PhD Thesis Defense: Shib Dasgupta, Box Embeddings as Set-theoretic Representations for Information Retrieval and Recommender Systems
Content
Speaker
Shib Dasgupta
Abstract
Sets are fundamental to human knowledge representation and reasoning. Many queries in information retrieval and recommender systems are inherently set-theoretic, involving conjunctions, disjunctions, and negations. However, learning differentiable representations of concepts as sets is challenging, as it requires maintaining set-theoretic consistencies—such as closure under intersection. Region-based embeddings, particularly Box Embeddings, offer a natural solution by acting as trainable Venn diagrams whose volumes capture joint probabilities between concepts.

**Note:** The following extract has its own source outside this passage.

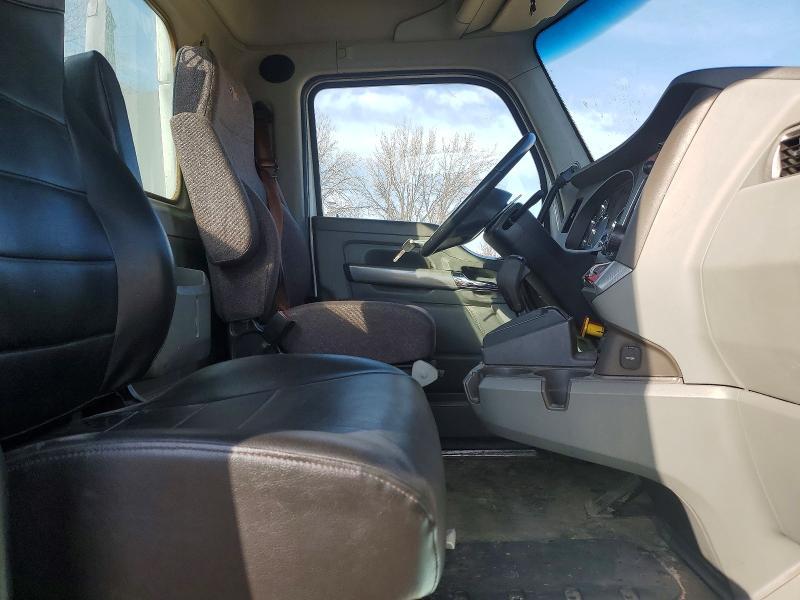 2018 Kenworth T680 Semi Truck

Despite their intuitive appeal, Box Embeddings present challenges in training, particularly due to flat loss surfaces. To address this, I develop a Gumbel random process-based approach that improves the optimization landscape, resulting in a more stable and expressive variant of Box Embeddings that has since seen broad adoption. Building on this foundation, this thesis demonstrates the effectiveness of box embeddings in capturing complex set-theoretic semantic operations across a range of NLP, information retrieval, and recommender system tasks. In all of these set-based contexts, I show both theoretically and empirically that set-based similarity from box embeddings offers a superior alternative to commonly used vector-based similarity/distance measures like dot product or $l_p$ distance.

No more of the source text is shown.